Sharding in ClickHouse: Part 1

Introduction

Sharding is splitting a large table horizontally (row-wise) and storing it in multiple servers. Clickhouse uses distributed table engine for processing the sharded tables. Shards can be internally replicated or non-replicated in ClickHouse. Sharding allows storing huge amounts of data that may otherwise not fit in a single server. We shall look at basic sharding examples in this article using Docker.

Pros:

  • High availability
  • Faster query response time
  • Increased write bandwidth
  • Easy to scale out

Cons:

  • Added complexity
  • Possibility of unbalanced data in a shard

Sharding in ClickHouse

ClickHouse uses hash-based sharding, where a column is chosen as the sharding key from the table, and the values are hashed. Storing the data in appropriate shards is based on the hash value. For example, if there are 3 shards for a table, the remainder (modulo operation) of the hashed value, when divided by the number of shards, will determine the shard on which the particular row is stored (e.g 1234 % 3  = 1, so the data is stored on shard 2 and if the hash value is 12345 the data will be stored on shard 1 (12345 % 3 = 0))

ClickHouse Distributed Table Engine

Distributed table engines can perform parallel and distributed query processing in a ClickHouse cluster.

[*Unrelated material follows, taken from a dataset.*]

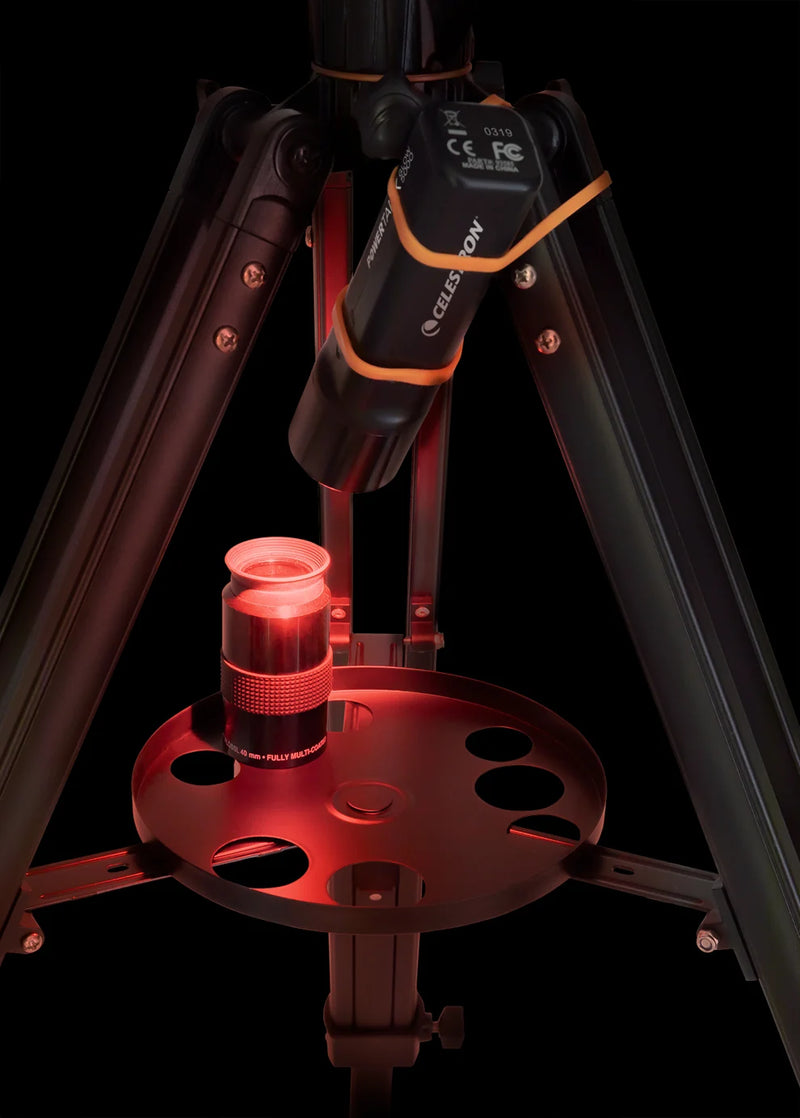 Celestron PowerTank Glow 5000 red flashlight and portable charger, compact accessory with glow-in-the-dark features.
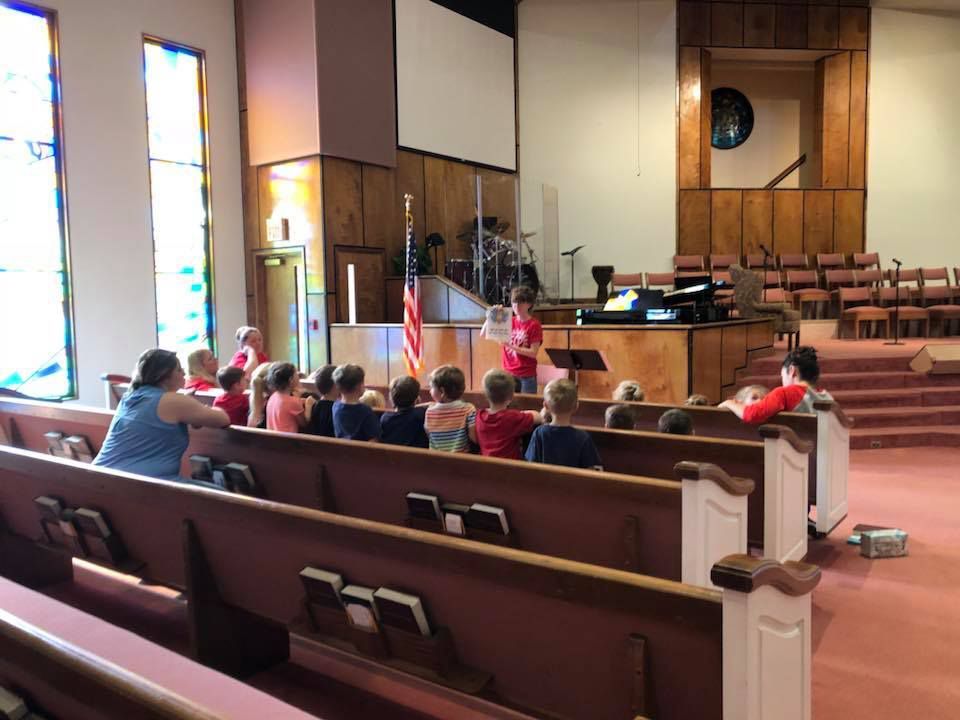 A group of children are sitting in a church.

This table engine can not store the data independently and depends on other table engines (MergeTree family) to store the underlying data. It is possible to insert the data directly into the distributed table (and ClickHouse determines the shards based on the shard key) or insert it into the underlying storage table in every cluster manually. It is possible to read the data directly by querying the distributed engine table.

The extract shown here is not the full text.